### Brief
Quote every line of the data below as it stands, omitting pictures.

### Excerpted records

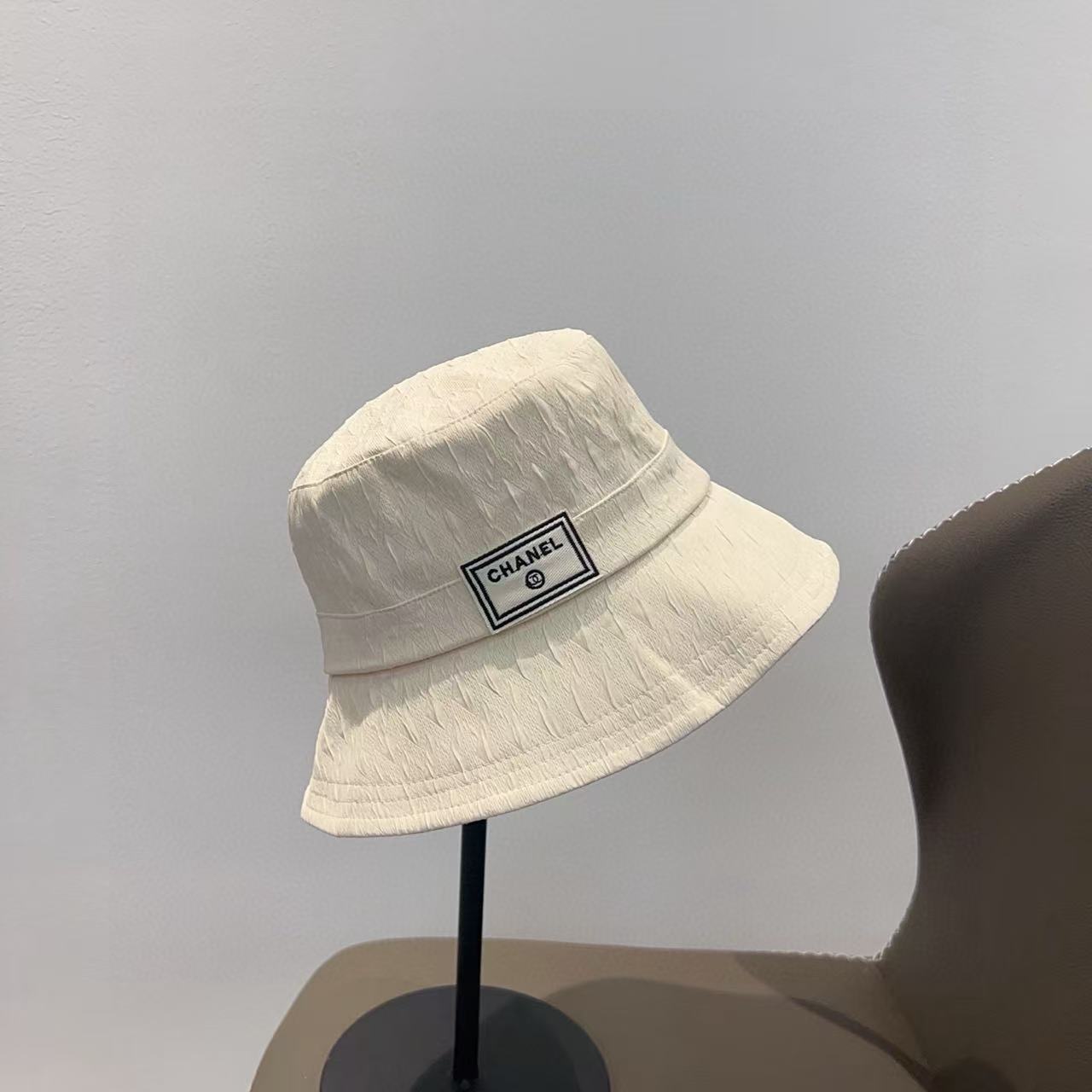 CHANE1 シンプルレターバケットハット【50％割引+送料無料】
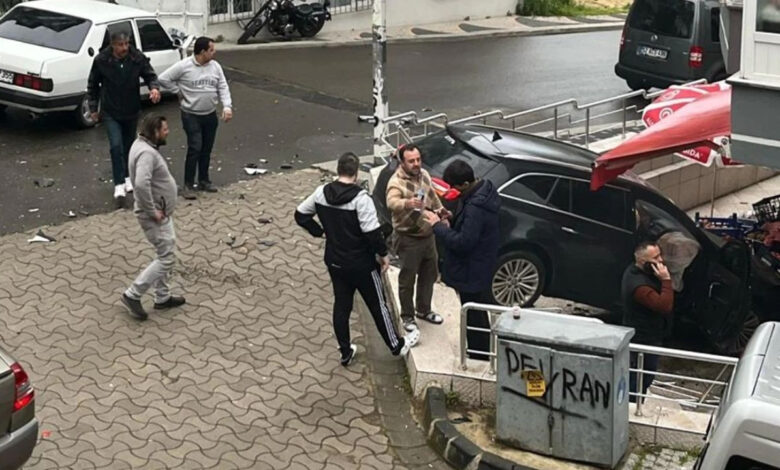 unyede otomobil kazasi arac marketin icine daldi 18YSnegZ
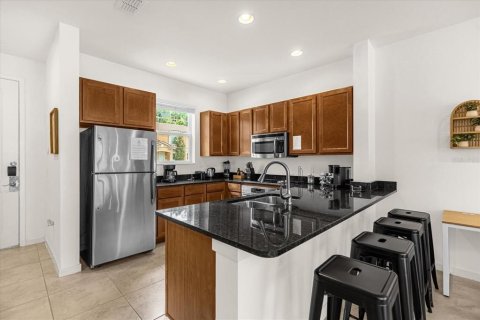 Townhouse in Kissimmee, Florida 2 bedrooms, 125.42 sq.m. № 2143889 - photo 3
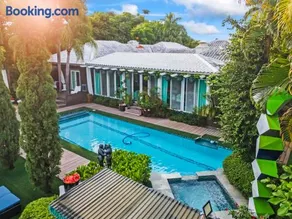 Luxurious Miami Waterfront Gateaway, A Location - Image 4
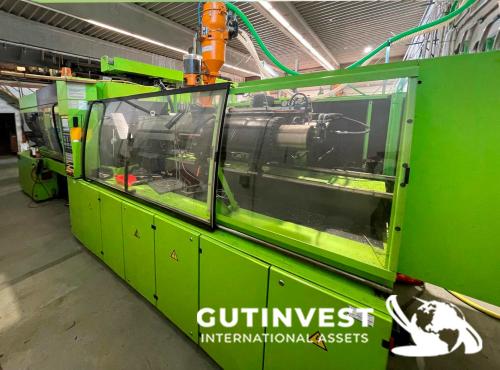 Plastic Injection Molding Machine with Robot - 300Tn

######

### Response box
 CHANE1 シンプルレターバケットハット【50％割引+送料無料】
 unyede otomobil kazasi arac marketin icine daldi 18YSnegZ
 Townhouse in Kissimmee, Florida 2 bedrooms, 125.42 sq.m. № 2143889 - photo 3
 Luxurious Miami Waterfront Gateaway, A Location - Image 4
 Plastic Injection Molding Machine with Robot - 300Tn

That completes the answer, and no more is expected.